Background
Football is among the most popular games in the world, with more than 80 leagues played across the world. The English Premier League is one of the most ferociously contested leagues in the world, and of late, has also made the fans of the game competitive too. Fans can now, on a multitude of platforms, select their favorite players, who they think will perform well during a certain game week. Our aim is to predict the performance of each player in a game given the past performance over several matches. Using a dataset[1] of English Premier League matches over four seasons that have player statistics for each game, we intend to train a sequence model to predict their performance in the next match (a single numeric rating) given the performance of every player in the team over the last n matches. In addition, we want to use an unsupervised learning based clustering approach to group players by position and skill.
Methods
Supervised Learning
Given sets of N previous games for a particular player, predict the performance in the (N+1)th game.
- Using Sequential Neural Models like LSTM/GRU (PyTorch)[2],[3],[4]
- Use a Hidden Markov Model
Unsupervised Learning
-
Clustering the players according to their features to the different player groups (Goalkeeper, Centre Back (CB), Left Midfielder (LM), Forward (F) etc.)
- Dimensionality reduction using PCA and feature engineering for combining certain features at various scales
- K-means/ Bayesian / Fuzzy c-mean/ Hierarchical Clustering
-
Replacing existing players in a team from a pool of other players (basically finding the best fit) - basically a ranking problem (Stretch Goal)
Results
- We would have models that given a players data across the past $N$ matches, would be able to predict his/her performance on the $(N+1)^{th}$ match with regards to the players played with and the teams.
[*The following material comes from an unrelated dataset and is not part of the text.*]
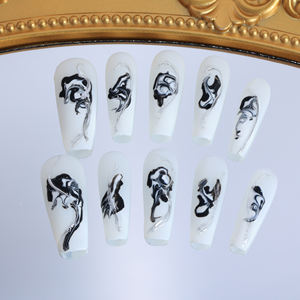 Faux Ongles de Luxe Faits Main en Acrylique à Coller, Forme Cercueil, Couverture Complète 3D, Design French Manucure, Haute Qualité, Vente en Gros - Product Image 5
- We would have models that given a set of players and their previous matches, would be able to group them according to their position type. The model should be able to learn and prioritize certain features over others to cluster players based on their best possible position on the field.
Discussions
The best possible outcome would be a model that is able to not only analyze the impact of the player’s form on his performance on a given day, but also understands the role other players’ (from the same team or the opposition team) form and compatibility play on how well the said player performs in a given match.
References
- [1] Shubham Pawar. English premier league in-game match data https://www.kaggle.com/shubhmamp/english-premier-league-match-data, Mar 2019.
- [2] Geetanjali Tewari and Krishna Kartik Darsipudi. Predicting football match winner using the lstm model of recurrent neural networks, June 2018.
- [3] Sepp Hochreiter and Jürgen Schmidhuber. Long short-term memory. Neural computation, 9(8):1735–1780, 1997.
- [4] Daniel Pettersson and Robert Nyquist. Football match prediction using deep learning, 2017.